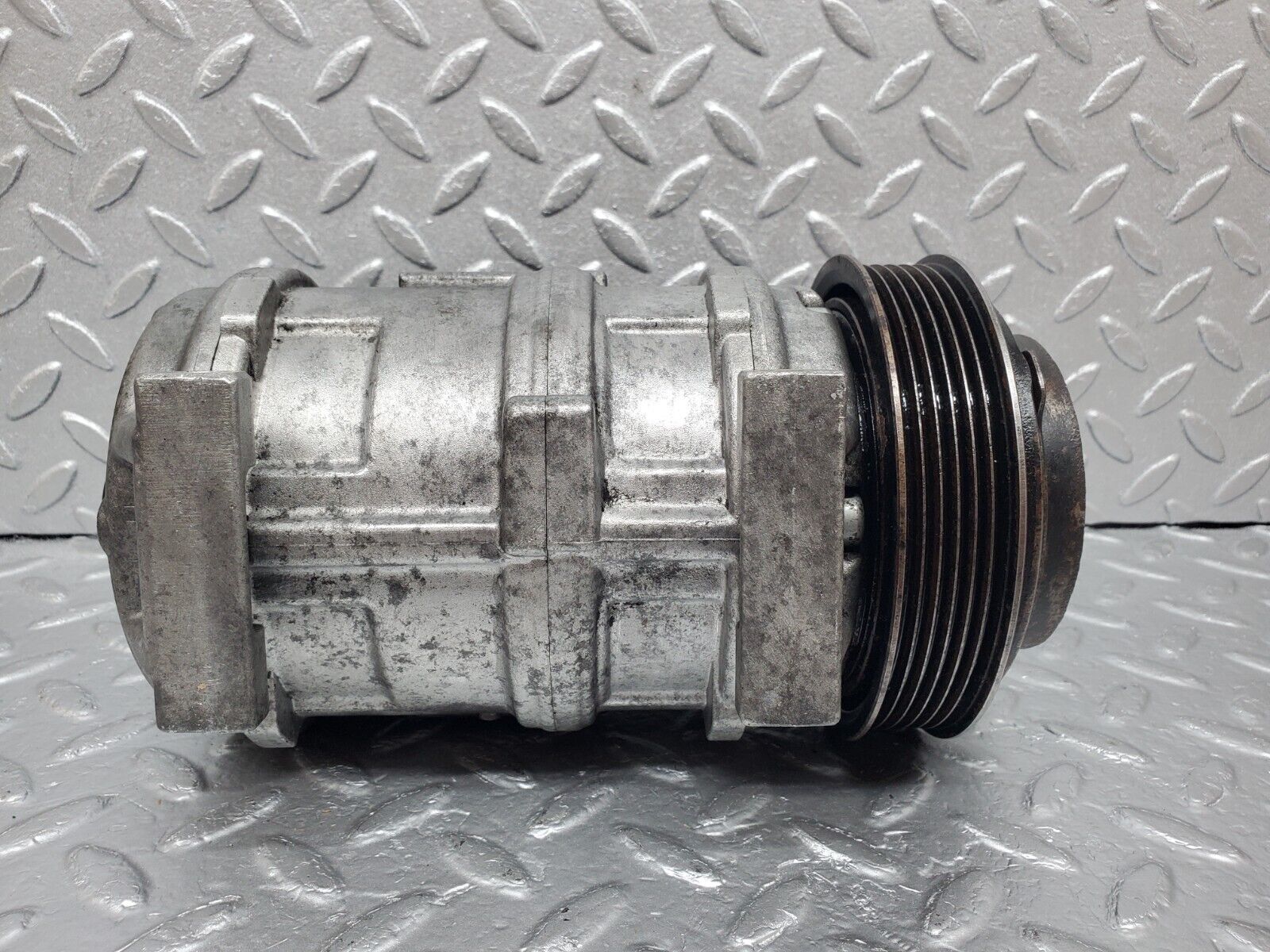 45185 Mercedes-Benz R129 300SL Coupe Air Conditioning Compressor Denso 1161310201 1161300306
---
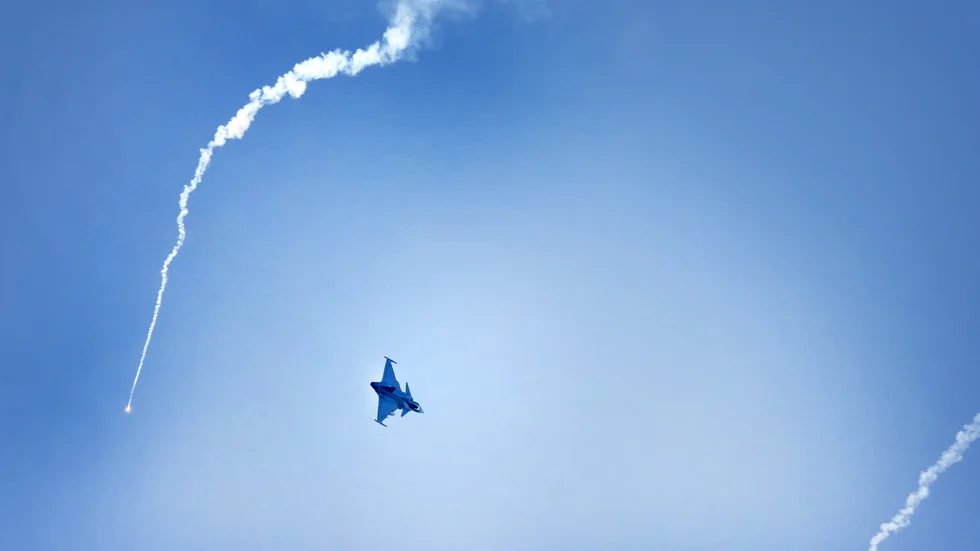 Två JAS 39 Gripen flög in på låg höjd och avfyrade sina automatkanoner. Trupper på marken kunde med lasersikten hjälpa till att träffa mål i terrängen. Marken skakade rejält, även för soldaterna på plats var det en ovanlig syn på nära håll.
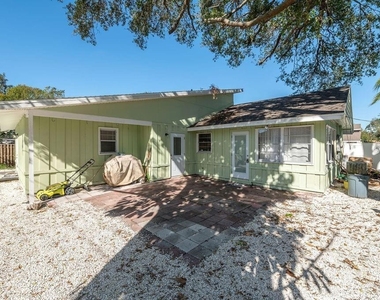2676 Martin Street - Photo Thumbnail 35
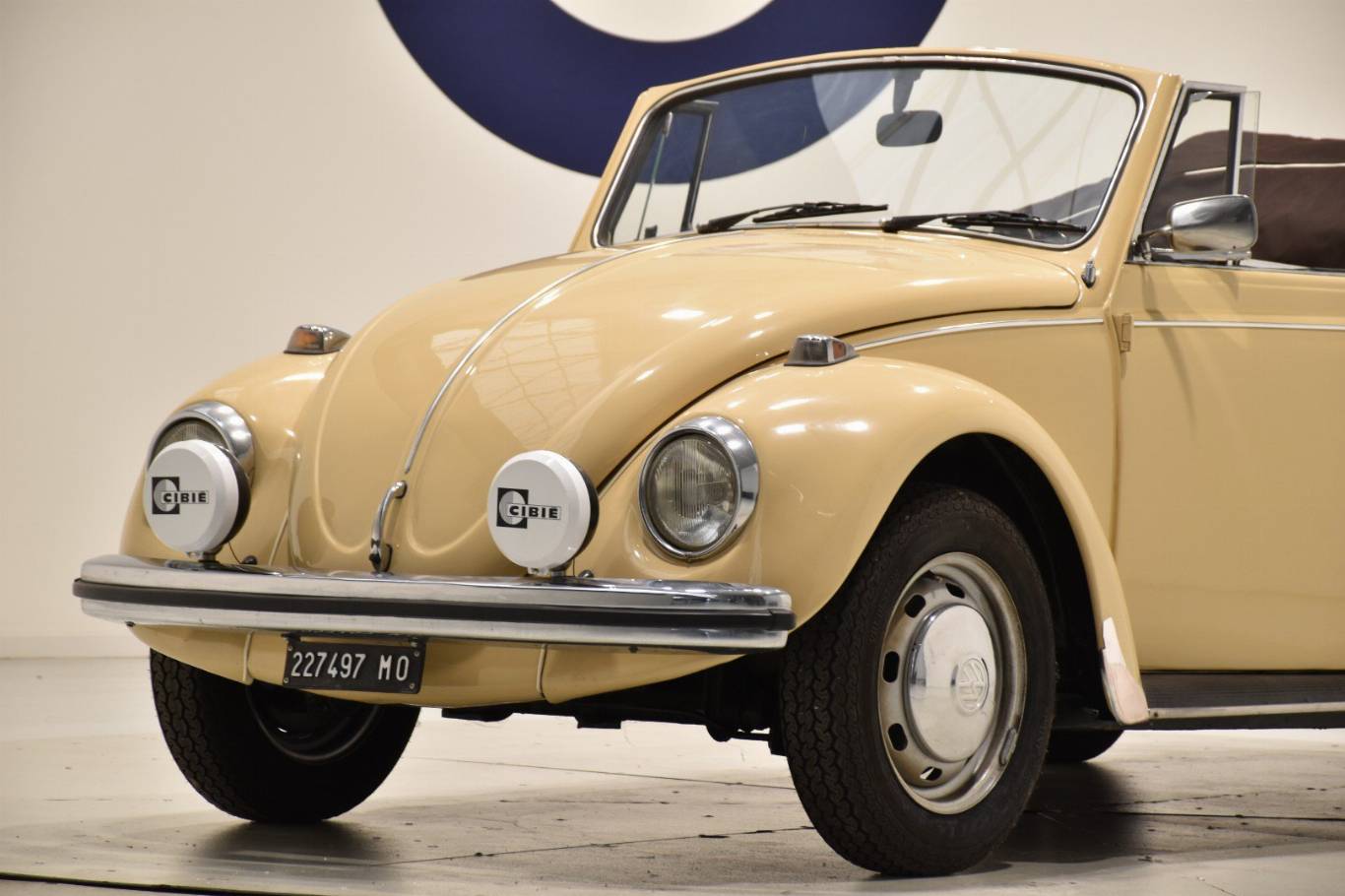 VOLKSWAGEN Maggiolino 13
==
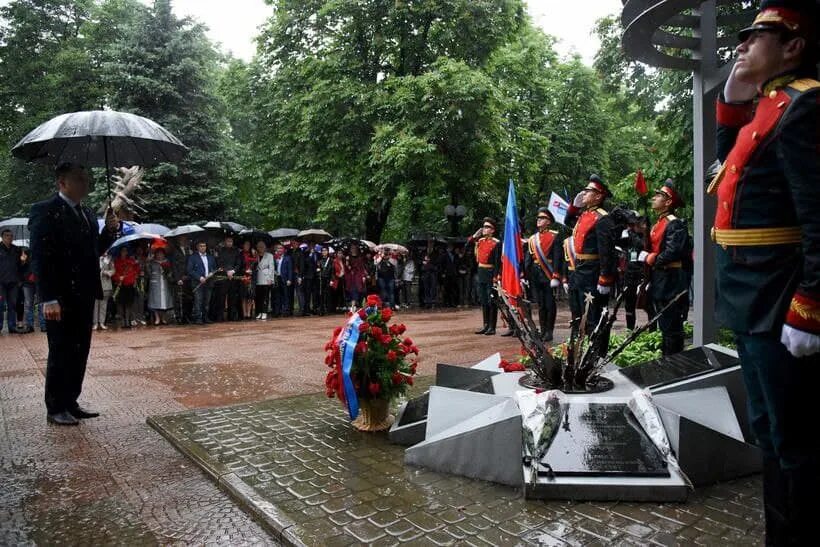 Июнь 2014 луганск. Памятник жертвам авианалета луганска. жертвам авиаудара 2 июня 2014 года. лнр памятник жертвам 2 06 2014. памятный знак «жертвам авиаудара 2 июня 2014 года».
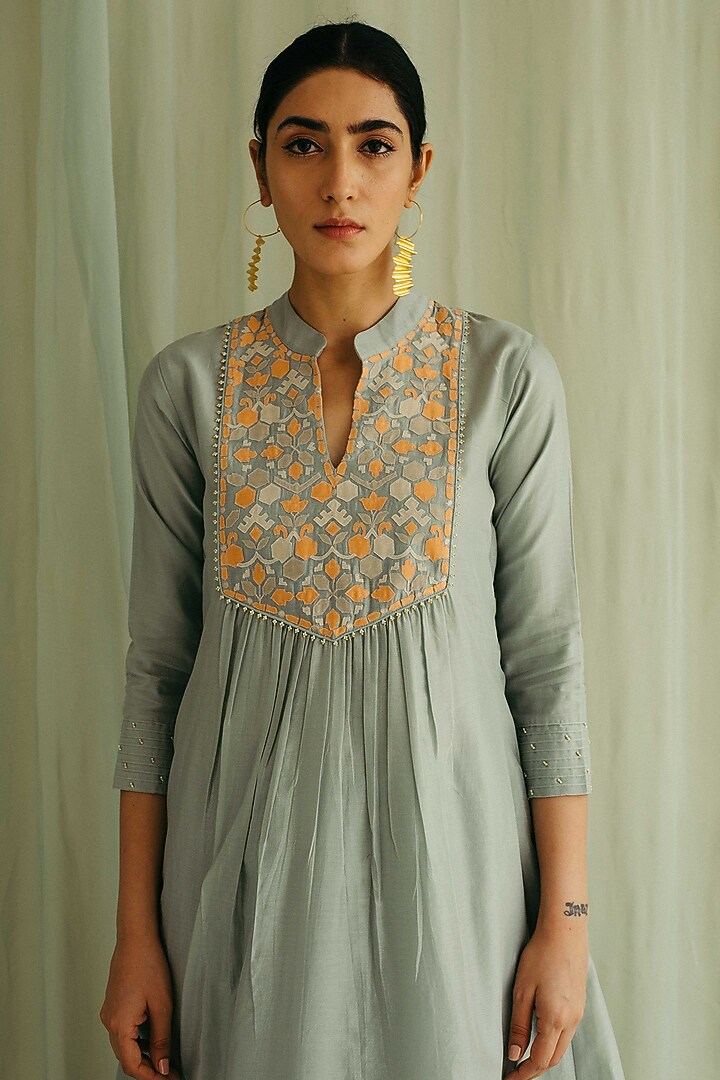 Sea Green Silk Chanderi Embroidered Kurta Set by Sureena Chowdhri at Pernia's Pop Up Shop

Directions for this task: Look above for the line with "Июнь 2014 луганск." and the line with "Sea Green Silk"; set down those two lines and all lines between them exactly, without pictures and without anything else.

Solved exercise:
 Июнь 2014 луганск. Памятник жертвам авианалета луганска. жертвам авиаудара 2 июня 2014 года. лнр памятник жертвам 2 06 2014. памятный знак «жертвам авиаудара 2 июня 2014 года».
 Sea Green Silk Chanderi Embroidered Kurta Set by Sureena Chowdhri at Pernia's Pop Up Shop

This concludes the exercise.